**Exercise goal:** I'd like the entries that follow repeated exactly, with the pictures left out.

• • • •

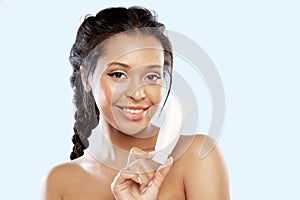 Pretty black girl holding mock-up tube with cream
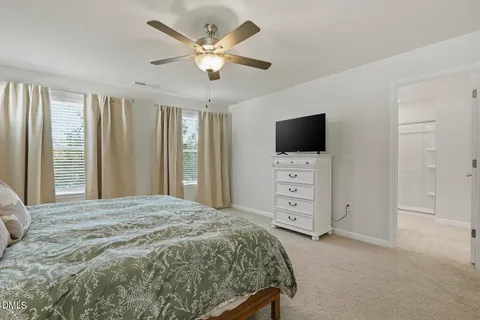 a bedroom with a large bed and a ceiling fan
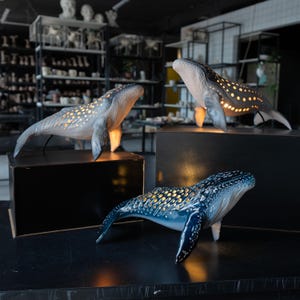 May include: Three whale-shaped lamps with a glossy finish. Two lamps are light gray with illuminated circular cutouts along the back, while the third is a deep blue with similar glowing perforations. Each whale figure is positioned on a black base.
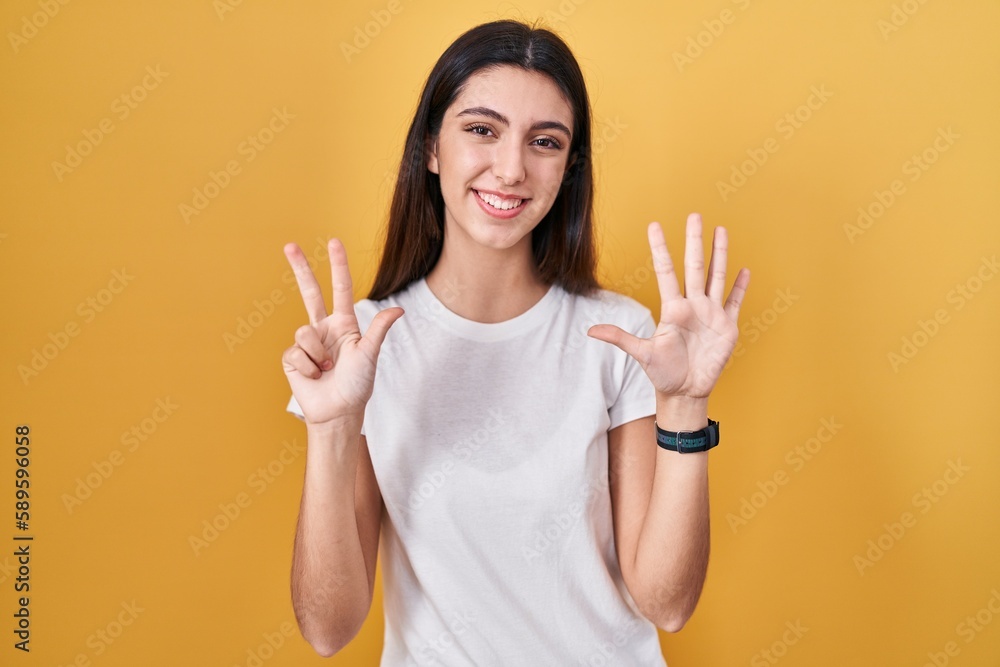 Young beautiful woman standing over yellow background showing and pointing up with fingers number eight while smiling confident and happy. Young beautiful woman standing over yellow background showing and pointing up with fingers number eight while smiling confident and happy.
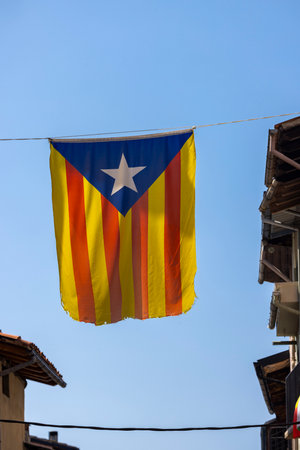 Catalan flag hanging between housesの写真素材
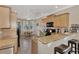 Modern kitchen with granite countertops and ample cabinet space at 20193 Pezzana Dr, Venice, FL 34292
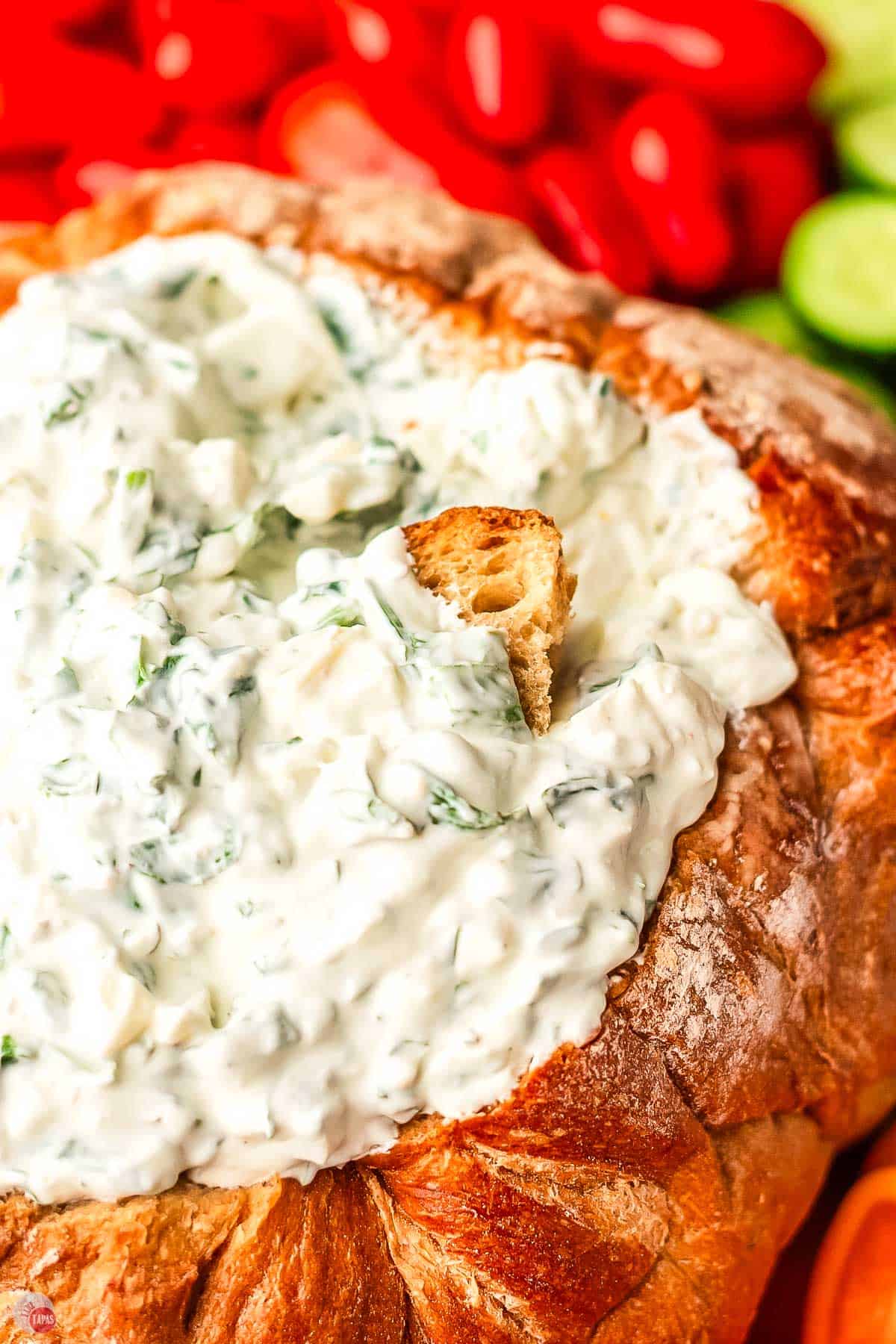 bowl of spinach dip with bread piece in it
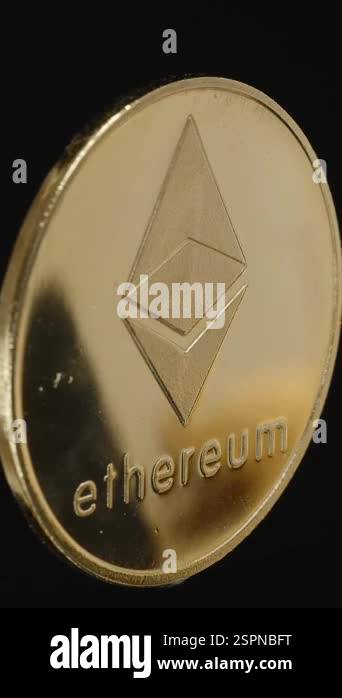 Coin Loop Vertical video. Ethereum Coin Rotating Smoothly in a Continuous Loop ...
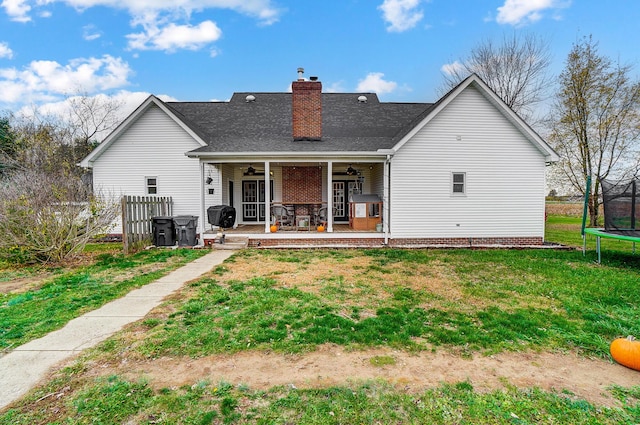 rear view of property featuring a yard, a trampoline, ceiling fan, and a patio area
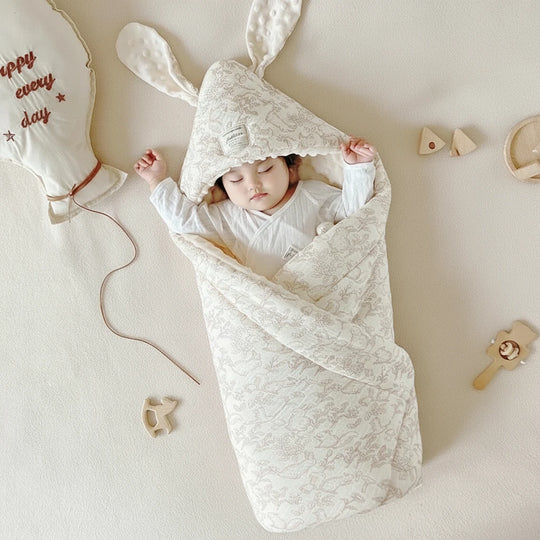 Bébé endormi enveloppé dans une couverture en mousseline de coton avec capuche à oreilles, couleur ivoire, accessoire Kalinatur posé dans un décor doux et naturel.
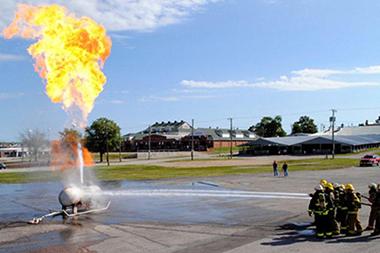 Fire fighters spring a burning gas tank with water.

• • • •

**Result of this exercise:**
 Pretty black girl holding mock-up tube with cream
 a bedroom with a large bed and a ceiling fan
 May include: Three whale-shaped lamps with a glossy finish. Two lamps are light gray with illuminated circular cutouts along the back, while the third is a deep blue with similar glowing perforations. Each whale figure is positioned on a black base.
 Young beautiful woman standing over yellow background showing and pointing up with fingers number eight while smiling confident and happy. Young beautiful woman standing over yellow background showing and pointing up with fingers number eight while smiling confident and happy.
 Catalan flag hanging between housesの写真素材
 Modern kitchen with granite countertops and ample cabinet space at 20193 Pezzana Dr, Venice, FL 34292
 bowl of spinach dip with bread piece in it
 Coin Loop Vertical video. Ethereum Coin Rotating Smoothly in a Continuous Loop ...
 rear view of property featuring a yard, a trampoline, ceiling fan, and a patio area
 Bébé endormi enveloppé dans une couverture en mousseline de coton avec capuche à oreilles, couleur ivoire, accessoire Kalinatur posé dans un décor doux et naturel.
 Fire fighters spring a burning gas tank with water.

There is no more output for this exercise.